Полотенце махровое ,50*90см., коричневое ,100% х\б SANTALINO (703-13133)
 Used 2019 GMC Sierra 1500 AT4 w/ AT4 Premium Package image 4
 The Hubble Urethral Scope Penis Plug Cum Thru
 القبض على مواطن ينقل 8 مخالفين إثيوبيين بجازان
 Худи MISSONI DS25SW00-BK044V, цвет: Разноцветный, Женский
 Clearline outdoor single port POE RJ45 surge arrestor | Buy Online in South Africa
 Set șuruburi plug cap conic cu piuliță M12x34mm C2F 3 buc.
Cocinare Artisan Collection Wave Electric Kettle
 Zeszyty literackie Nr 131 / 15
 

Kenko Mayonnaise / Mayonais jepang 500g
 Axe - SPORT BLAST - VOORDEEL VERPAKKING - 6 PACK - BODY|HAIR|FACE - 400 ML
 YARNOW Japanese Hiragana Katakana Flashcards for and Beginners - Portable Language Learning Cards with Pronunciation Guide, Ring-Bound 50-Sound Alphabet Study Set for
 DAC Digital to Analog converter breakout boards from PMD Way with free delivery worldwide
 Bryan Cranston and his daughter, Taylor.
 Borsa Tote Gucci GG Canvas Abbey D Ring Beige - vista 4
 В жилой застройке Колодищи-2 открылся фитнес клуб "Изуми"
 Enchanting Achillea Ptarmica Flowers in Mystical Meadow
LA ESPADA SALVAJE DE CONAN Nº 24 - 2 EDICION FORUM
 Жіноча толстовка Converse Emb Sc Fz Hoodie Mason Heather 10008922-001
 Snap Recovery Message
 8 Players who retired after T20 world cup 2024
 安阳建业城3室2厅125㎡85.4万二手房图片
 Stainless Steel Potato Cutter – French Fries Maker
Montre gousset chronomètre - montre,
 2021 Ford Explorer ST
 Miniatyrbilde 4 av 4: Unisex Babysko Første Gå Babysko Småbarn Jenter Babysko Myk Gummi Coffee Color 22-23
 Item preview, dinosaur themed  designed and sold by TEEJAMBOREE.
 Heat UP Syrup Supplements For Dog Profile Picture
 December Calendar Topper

....

▶ **PROBLEM DESCRIPTION**
Output the whole listing exactly, leaving nothing out.

▶ **OUTPUT OF THE TASK**
Полотенце махровое ,50*90см., коричневое ,100% х\б SANTALINO (703-13133)
 Used 2019 GMC Sierra 1500 AT4 w/ AT4 Premium Package image 4
 The Hubble Urethral Scope Penis Plug Cum Thru
 القبض على مواطن ينقل 8 مخالفين إثيوبيين بجازان
 Худи MISSONI DS25SW00-BK044V, цвет: Разноцветный, Женский
 Clearline outdoor single port POE RJ45 surge arrestor | Buy Online in South Africa
 Set șuruburi plug cap conic cu piuliță M12x34mm C2F 3 buc.
Cocinare Artisan Collection Wave Electric Kettle
 Zeszyty literackie Nr 131 / 15
 

Kenko Mayonnaise / Mayonais jepang 500g
 Axe - SPORT BLAST - VOORDEEL VERPAKKING - 6 PACK - BODY|HAIR|FACE - 400 ML
 YARNOW Japanese Hiragana Katakana Flashcards for and Beginners - Portable Language Learning Cards with Pronunciation Guide, Ring-Bound 50-Sound Alphabet Study Set for
 DAC Digital to Analog converter breakout boards from PMD Way with free delivery worldwide
 Bryan Cranston and his daughter, Taylor.
 Borsa Tote Gucci GG Canvas Abbey D Ring Beige - vista 4
 В жилой застройке Колодищи-2 открылся фитнес клуб "Изуми"
 Enchanting Achillea Ptarmica Flowers in Mystical Meadow
LA ESPADA SALVAJE DE CONAN Nº 24 - 2 EDICION FORUM
 Жіноча толстовка Converse Emb Sc Fz Hoodie Mason Heather 10008922-001
 Snap Recovery Message
 8 Players who retired after T20 world cup 2024
 安阳建业城3室2厅125㎡85.4万二手房图片
 Stainless Steel Potato Cutter – French Fries Maker
Montre gousset chronomètre - montre,
 2021 Ford Explorer ST
 Miniatyrbilde 4 av 4: Unisex Babysko Første Gå Babysko Småbarn Jenter Babysko Myk Gummi Coffee Color 22-23
 Item preview, dinosaur themed  designed and sold by TEEJAMBOREE.
 Heat UP Syrup Supplements For Dog Profile Picture
 December Calendar Topper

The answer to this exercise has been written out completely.